If you don’t have the opportunity during pre-bid discussions to engage face to face, then finding the right information and gaining and sharing adequate insight will require a bit more work on your part. But always keep your goals in mind. Some of them will be specific to the project or person in question, but you’ll need to know a few basic things about every potential client and project.

Get Some Answers

In your pre-bid engagement, work hard to learn answers to a few vital, fundamental questions.

  • Do they seem rushed or harried in your conversation(s)? If they’re rushed now, they’ll be rushed and harried during the project. Evaluate carefully. If they don’t have time for this engagement period, then they won’t have time for the project. Pass.
  • Are they primarily interested in your expertise or your technical and comp-generation ability? If the former, it bodes well for both of you. If the latter, then they’ll likely want to dictate efforts and deliverables in a way that ignores your expertise and that harms their enterprise. Find out, in as direct a manner as possible, if they’re prepared to trust you. On this, everything depends.
  • What about personality? Are they personable? Pleasant? Terse? Abrasive? You’re going to be working with them for a while. Do you like them? Could you trust them? Make sure you’re willing to spend a project interacting with this person. If they’re abrasive, best to call off the engagement.
  • Challenge the premise of their project in some logical way. How do they respond? You need to know if they’re open to thoughtful challenge and to new ideas or if they seem to view it as some kind of insubordination. Evaluate carefully.
  • Express your requirements of your clients and projects. How do they respond? First, make sure they’re prepared to meet or abide by your requirements. But that’s not all. Observe how they respond to your requirements. Their manner expresses information vital to your relationship. Pay attention.
  • Is their project something you care about? Agree with? Disagree with? Before you decide to throw in with a project, make sure it’s not just the profit you’re after. For everyone’s sake, make sure the project is something to which you can dedicate excellence and bring value.
  • Probe their personal and/or business values. Reveal your own. Is there compatibility between you? You’re going to be working closely with this person for some time. Work to discover any moral or ethical issues that could create friction or discomfort between you during the project.

Your Day Of Bliss

Don’t simply pursue what you think you deserve. Earn your projects. Earn your clients, and let them earn your expertise in the engagement period.

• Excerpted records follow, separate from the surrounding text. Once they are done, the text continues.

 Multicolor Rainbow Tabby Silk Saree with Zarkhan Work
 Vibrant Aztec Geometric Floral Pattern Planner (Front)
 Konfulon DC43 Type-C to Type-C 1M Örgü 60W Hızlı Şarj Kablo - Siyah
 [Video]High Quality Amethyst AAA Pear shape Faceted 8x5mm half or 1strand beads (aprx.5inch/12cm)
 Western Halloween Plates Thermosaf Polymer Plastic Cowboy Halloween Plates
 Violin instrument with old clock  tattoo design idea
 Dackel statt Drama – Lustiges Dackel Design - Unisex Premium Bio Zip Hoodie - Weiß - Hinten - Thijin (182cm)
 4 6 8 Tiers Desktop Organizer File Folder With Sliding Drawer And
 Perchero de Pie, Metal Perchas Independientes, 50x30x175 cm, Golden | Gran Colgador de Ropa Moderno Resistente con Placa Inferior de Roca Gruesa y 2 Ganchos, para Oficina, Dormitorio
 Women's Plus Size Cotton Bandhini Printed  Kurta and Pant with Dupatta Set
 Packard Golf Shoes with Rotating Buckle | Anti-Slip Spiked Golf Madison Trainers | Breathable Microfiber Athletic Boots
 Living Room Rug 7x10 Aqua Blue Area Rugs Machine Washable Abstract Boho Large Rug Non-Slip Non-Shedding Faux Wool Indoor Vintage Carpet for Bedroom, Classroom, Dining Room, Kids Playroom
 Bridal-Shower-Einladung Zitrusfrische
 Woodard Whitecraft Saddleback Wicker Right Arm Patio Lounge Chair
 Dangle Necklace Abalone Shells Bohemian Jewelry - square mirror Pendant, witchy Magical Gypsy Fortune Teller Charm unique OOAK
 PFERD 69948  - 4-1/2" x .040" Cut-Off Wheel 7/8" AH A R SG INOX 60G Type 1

If you’ve devoted proper time and responsible effort to the consequential matters of pre-bid engagement, you can emerge informed and prepared to make a knowledgeable decision about your relationship. Better yet, so can your potential client. If you both agree that it’s time to take the next step (but not if just one of you thinks so), you can both do so with a pretty good idea of what the future holds.

Unlike a hasty, impassioned hookup, this sort of designer-client marriage is far more likely to survive. It will have a strong foundation, built on the things that ensure success and that help those involved weather any difficulties with resolve and dignity.

happily-ever-after-opt
Mutual respect and understanding makes your design project a happy relationship. (Image Source: Steve Snodgrass.)

Don’t simply follow the tug of novelty and lust. Spend time getting to know your potential clients, and let them get to know you. Help them to make decisions that they fully understand; do the same for yourself. And together, go and make amazing things, secure in the knowledge that your relationship has a strong foundation based on mutual respect and understanding.